As a previous post eluded, there are many jobs out there with shift work. However, a lot of jobs require call as well. This does not mean you will necessarily be working more. But you do have to be cautious as to what call positions will entail. I even know some CRNAs that work shift work and also take call. Taking call position where you are in a "leaving order", usually results in your being able to leave based on when you 'where' on call or when you 'will' be on call, will usually allow you to be 'cut' [go home] when rooms start coming down. These sort of models often will have pre-call, post-call, and sometimes 'day of call' days off. I work in this type of paradigm. The disadvantage is never knowing exactly what time you will be getting off. However, as you become more familiar with the OR norms and customary times to leave in a specific leaving spot, you can usually guess when you might be getting out. The key to this type of model if not being short staffed of CRNAs. This will result in longer hours. At my facility, the docs and CRNAs are in the same 'leaving order.' This means that when the numbers of rooms down hits my spot on the list a doc or CRNA will relieve me to go home. It creates equity in our group. The leaving order is sacred. Right now I work around 38 to 40 a week, including my worked call hours.

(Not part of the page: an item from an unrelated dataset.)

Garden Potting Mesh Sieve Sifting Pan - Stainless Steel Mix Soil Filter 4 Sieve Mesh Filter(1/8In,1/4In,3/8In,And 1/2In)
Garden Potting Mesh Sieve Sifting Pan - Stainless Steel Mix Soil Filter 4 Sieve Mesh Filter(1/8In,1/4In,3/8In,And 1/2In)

The reality is, there are more ways to schedule anesthesia services than can be counted. In my area, there about 10 facilities all employing CRNAs. I don't think you can find two identical systems. Although, many will share common traits, the method or manner in which equity is achieved varies widely. One of the main reasons why CRNAs change jobs in the first two years is related to their understanding of what kind of schedule they want, to meet their varying needs, and the experience they gain over time that leads to a better understanding of how to attain it. It is very difficult to understand many of the systems out there while in school or just out. I hope this help--as complicated as it might sound.
Quote from Aggiejane07
I'm thinking of specializing as a CRNA eventually and I'm curious as to what the normal schedule is for one. Monday-Friday? or Weekends and weird hours? I had originally planned on becoming a doctor but chose nursing for the heavier emphasis on human interaction and less demanding schedule in school/work. I wanted to have a life and a family. Being a CRNA seems extremely interesting and involves all the aspects of medicine that I was interested in but i'm worried it will be equally time consuming. Can you guys please give me some input?